All of us who gather at these conventions borrow a massive debt of resources and time. We all burned jet fuel to get to Frankfurt. Our presence, as well as the presence of your attendees at your events, is justified only if the ideas and connections we leave with are more powerful than the carbon we burned to get there. That is why today’s audience has a built-in, high-resolution radar for what we call performative sustainability, or green theater. When you use bamboo forks at an event while simultaneously flying in strawberries from another continent in the dead of winter just because it looks good on Instagram, clients and attendees know it is strategically hollow. Aesthetic ecology does not build trust; it actively destroys it.

Strategic regeneration is not about aesthetics, it is about infrastructure. It is an offensive business strategy that creates new value, unlike classic sustainability, which is defensive, focused on damage control, and seen by clients as a mere expense. Regeneration does not ask for an extra budget for green initiatives; it redefines the mathematics of the existing budget. For example, generic branded gadgets, meaning thousands of ordered plastic trinkets that consistently end up in hotel trash cans, represent a 100% wasted client budget. If you redirect that same budget to hire a local artisan, the attendee doesn't throw it away, they take it home. It becomes a story, an emotional connection, and a lasting investment in the brand. Paying for carbon offsets is an apology for damage, but investing in local neighbors and ecosystems is your client’s permanent signature in the fabric of that city.

To make legacy measurable, we at Eventful look at every project through three clear pillars before we even sign a contract. The first is intellectual legacy, a mechanism ensuring that knowledge remains in the destination through student internships and workshops, so we don't leave the community exactly as smart as we found it. The second is economic legacy, which rejects an extractive economy where money enters and leaves a city within 48 hours, and instead creates permanent trade routes for local small businesses. The third is physical legacy, a tangible footprint in the ecosystem, whether it’s a restored park or new energy infrastructure for a venue. We don't start with the floor plan for day one, we start with the question of what will remain in that city exactly one year after the trucks leave.

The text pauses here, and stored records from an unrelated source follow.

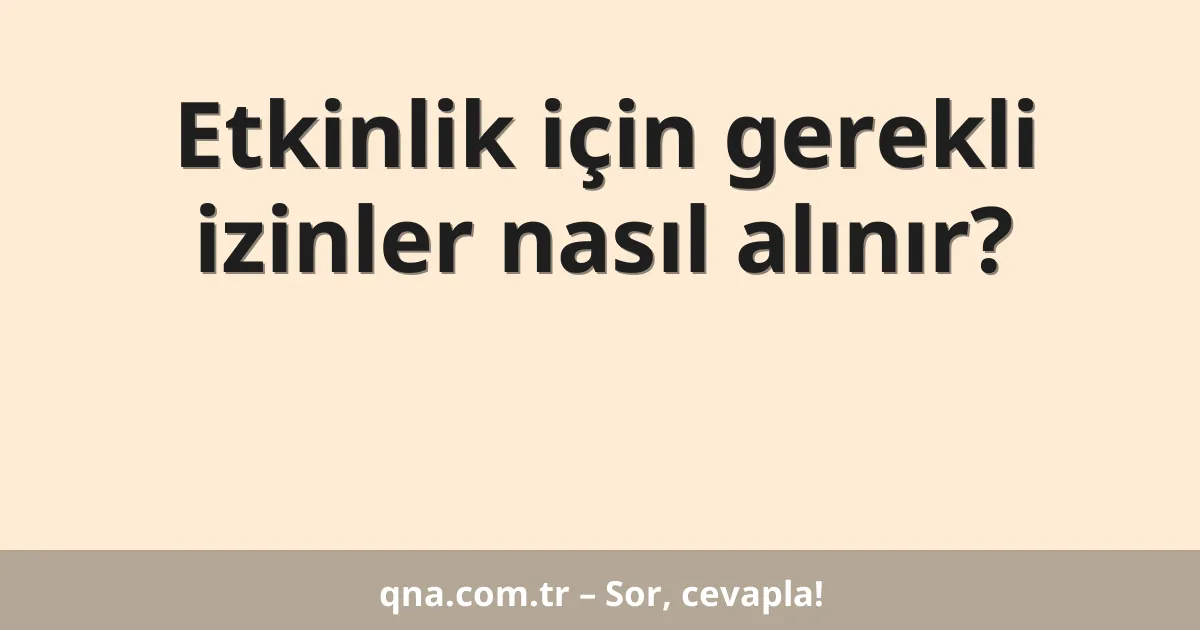 Etkinlik için gerekli izinler nasıl alınır?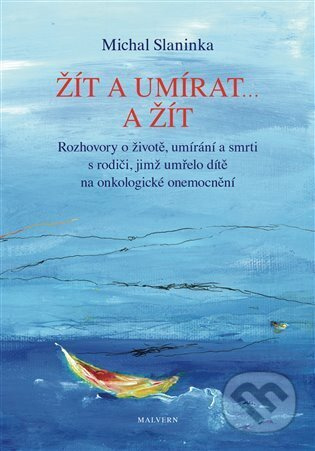 Žít a umírat ... a žít - Michal Slaninka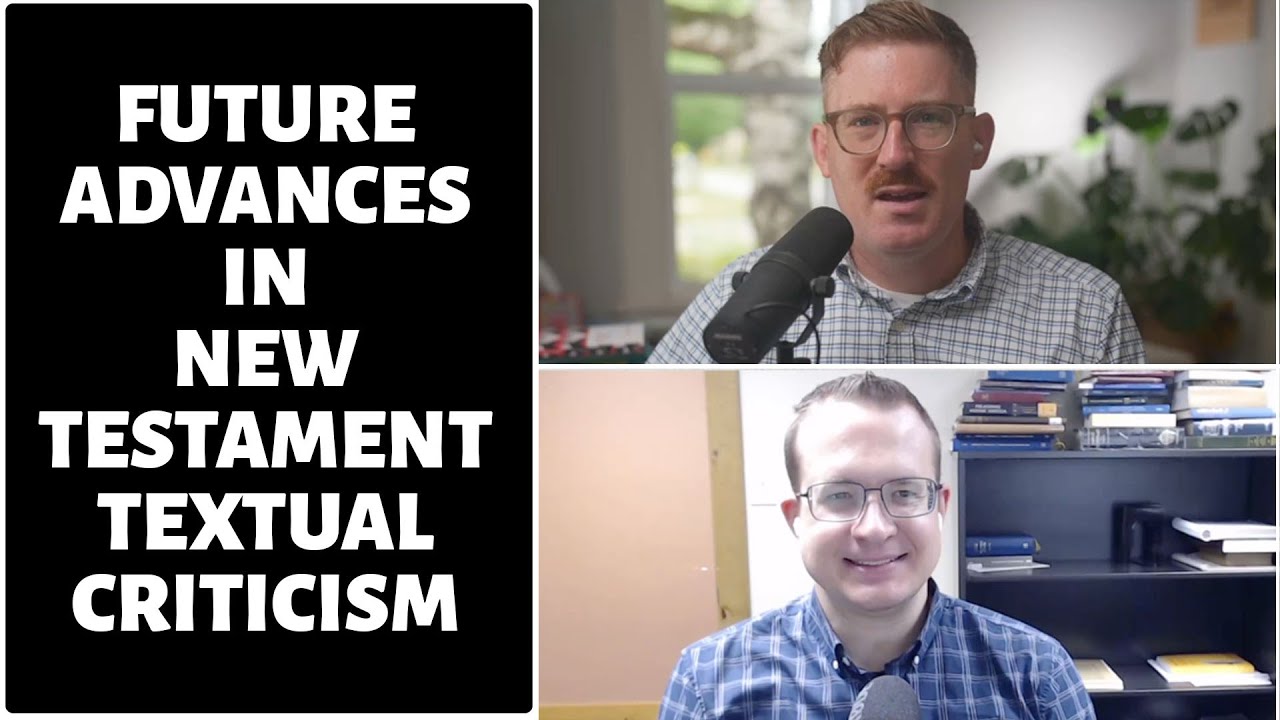 Future Advances in New Testament Textual Criticism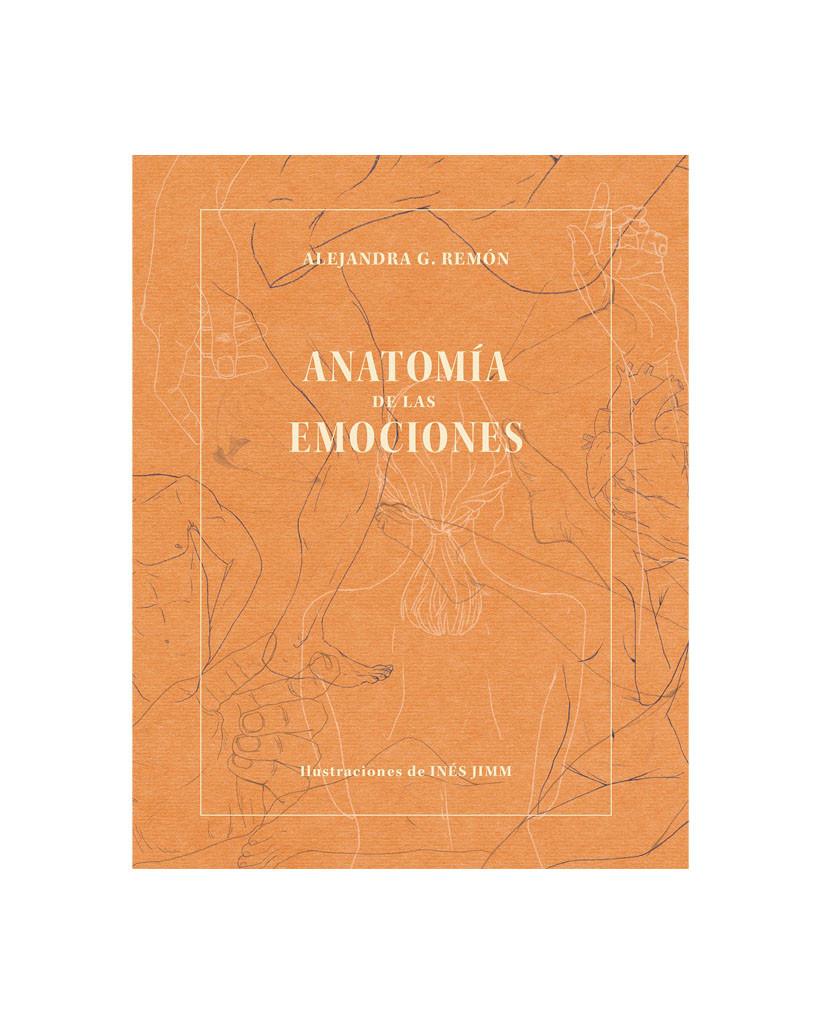 Anatomía de las emociones - Alejandra G. Remón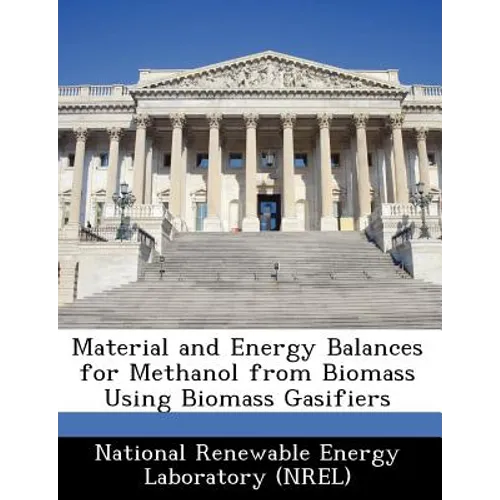 Material and Energy Balances for Methanol from Biomass Using Biomass Gasifiers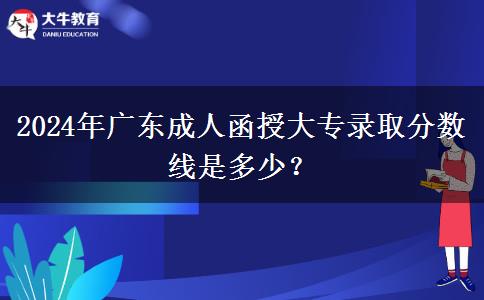 2024年廣東成人函授大專錄取分數(shù)線是多少？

In an era where artificial intelligence can optimize transport schedules, calculate carbon footprints, and write technical briefs for free, defining our job solely through these tasks means becoming obsolete. AI can manage a process, but it can never feel a sense of purpose, nor can it look a local community in the eye and say it is there to make them stronger. Our value is not in spreadsheets, but in the soul, empathy, and long-term vision we bring to projects. Delivering an event is temporary, but its legacy must be permanent. It is time to stop being mere order-takers and become architects of change, designing events that have truly earned their right to exist.